> **Exercise brief**: Once the line containing "BACK LOGO RAW CUT BOAT NECK TOP" is reached, copy it and every line after it exactly, to the end of the material, without pictures.

> **Dataset records**:
▬▬▬▬▬▬▬▬▬▬

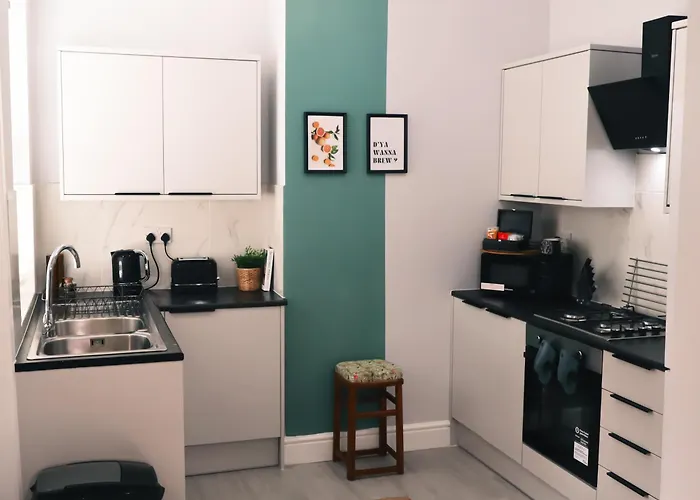 펜션 Spacious Stylish With Free Parking 10 Mins To Centre & Ao Arena Ideal For Groups & Long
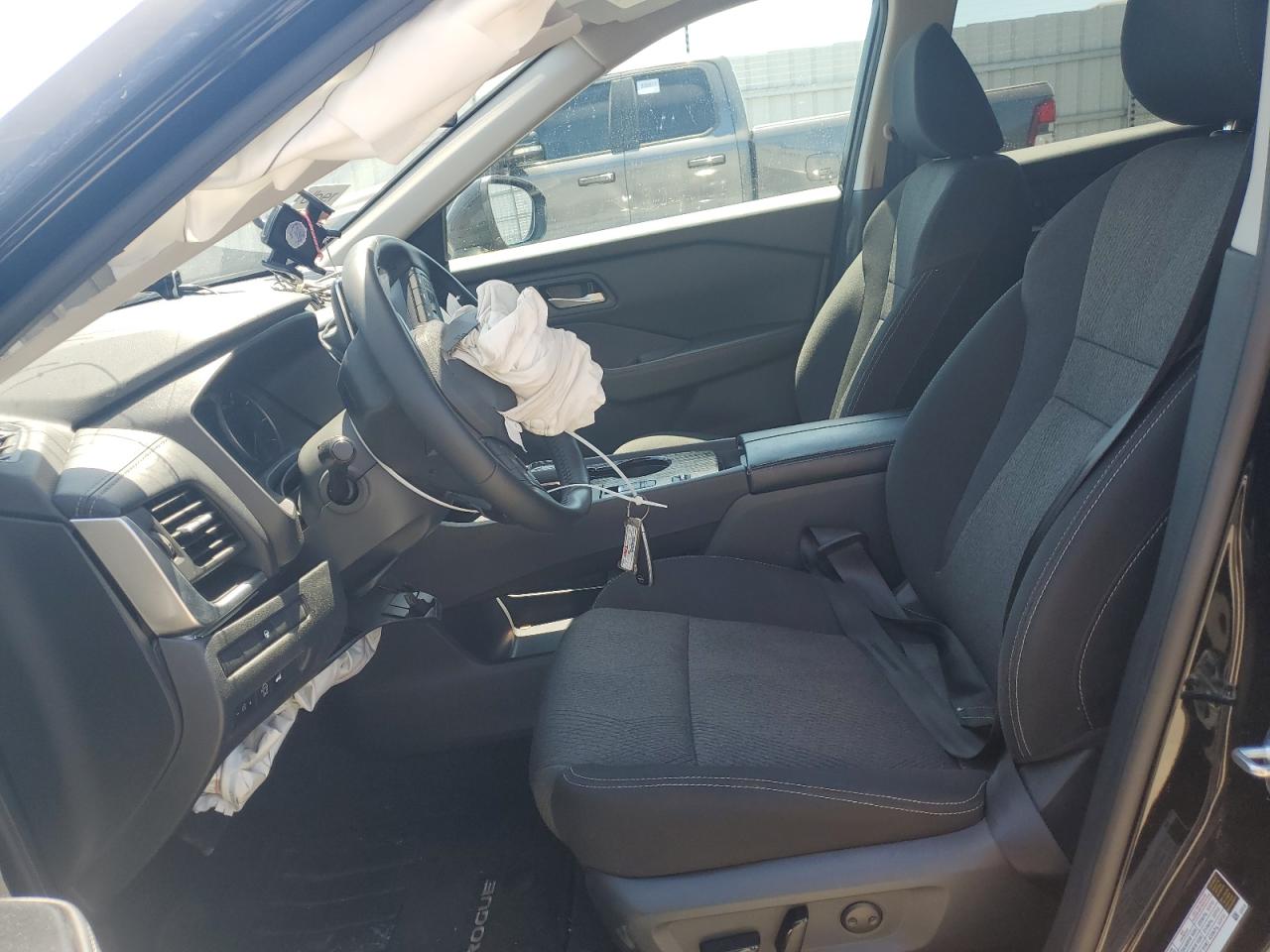 2025 Nissan Rogue Sv Черный vin: 5N1BT3BA0SC808613 Damage: Airbag - Front Left, Deployed, Replacement Required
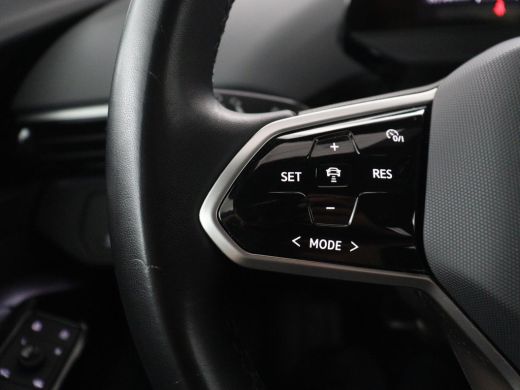 Volkswagen ID.4 | SOH 95,4% | Adaptive cruise | Lane assist | Stuur/stoelverwarming | Climate control | Sfeerverl... ActivLease financial lease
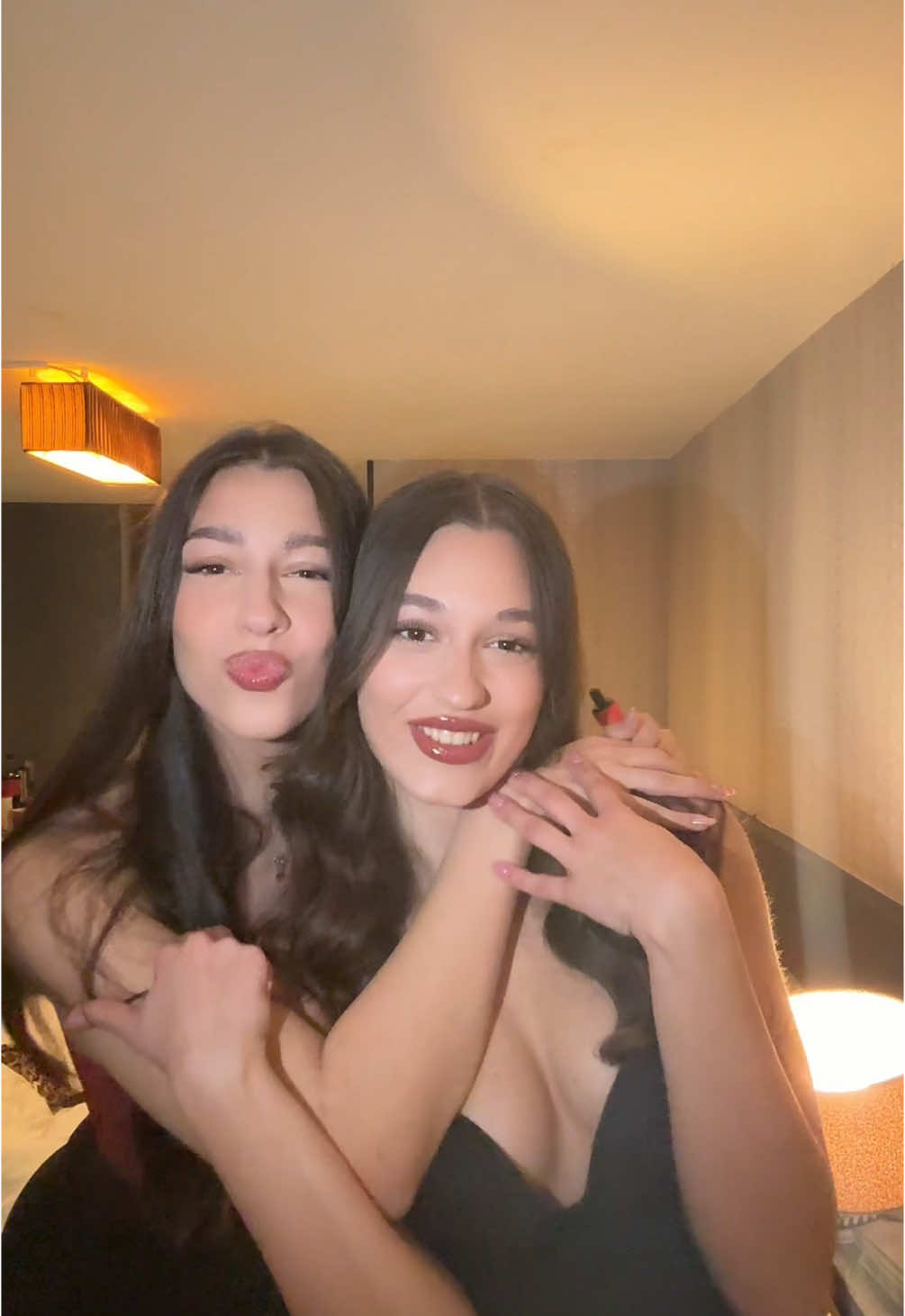 @elena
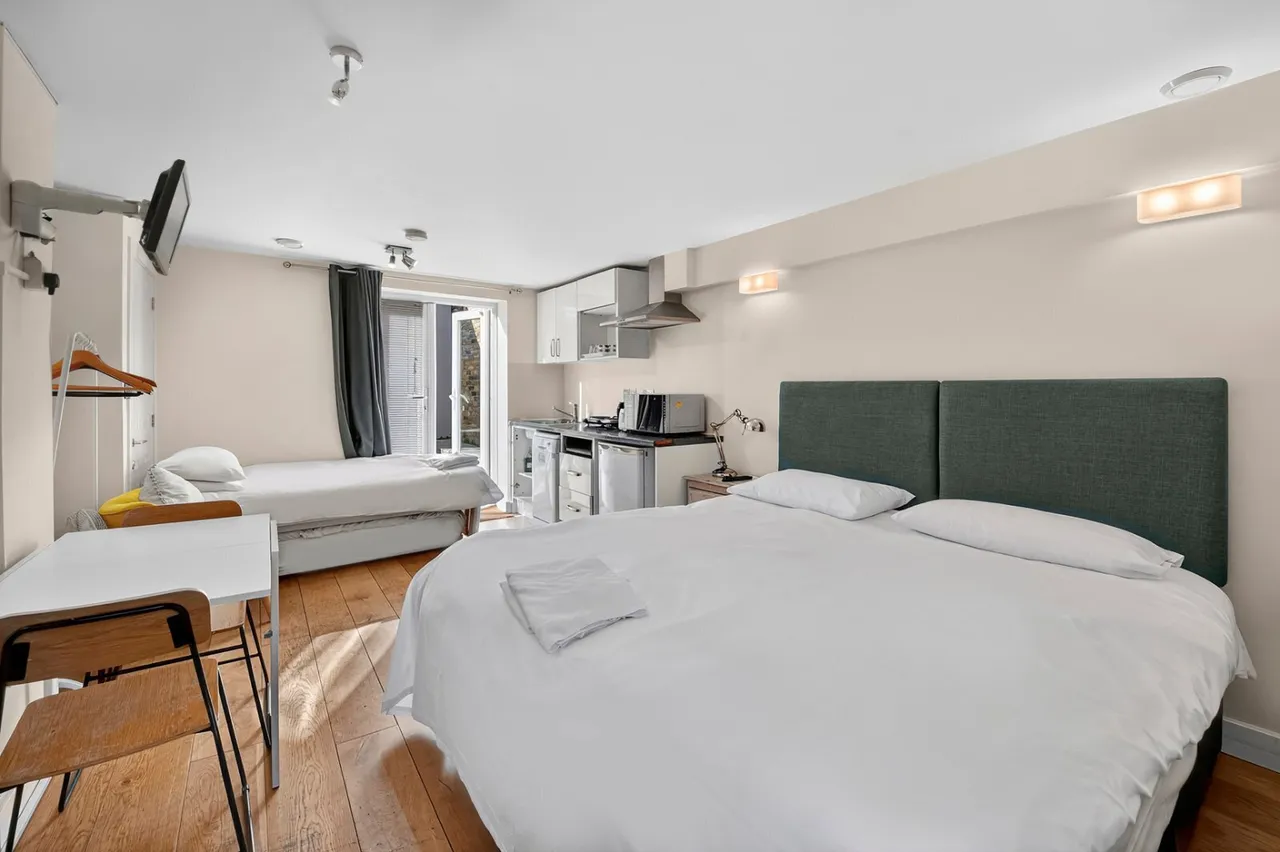 Sandycombe Road, Kew, TW9, photo 9
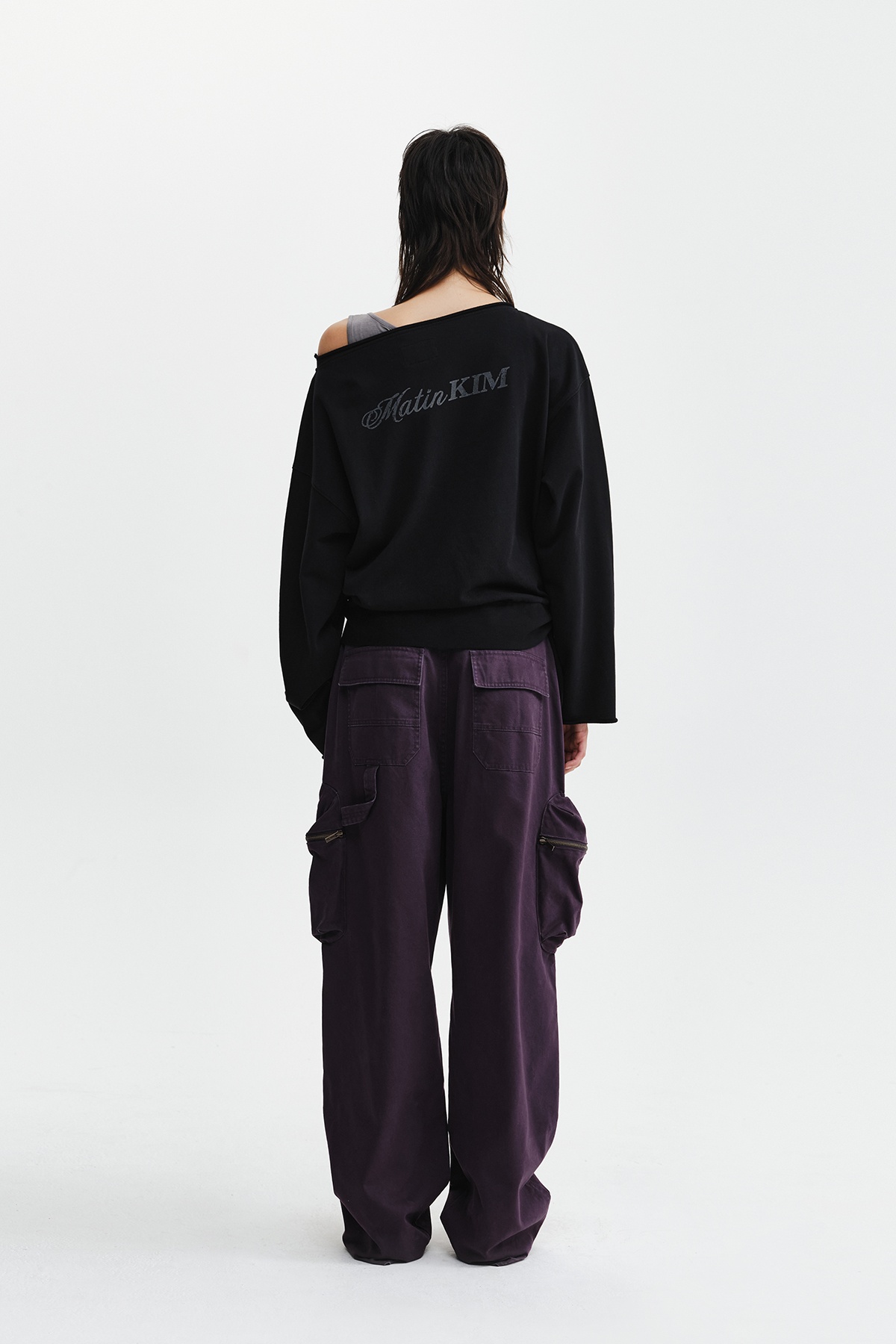 BACK LOGO RAW CUT BOAT NECK TOP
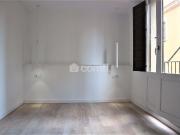 Piso en venta en Barcelona, Raval. Pisos.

▬▬▬▬▬▬▬▬▬▬

> **Exercise solution**:
 BACK LOGO RAW CUT BOAT NECK TOP
 Piso en venta en Barcelona, Raval. Pisos.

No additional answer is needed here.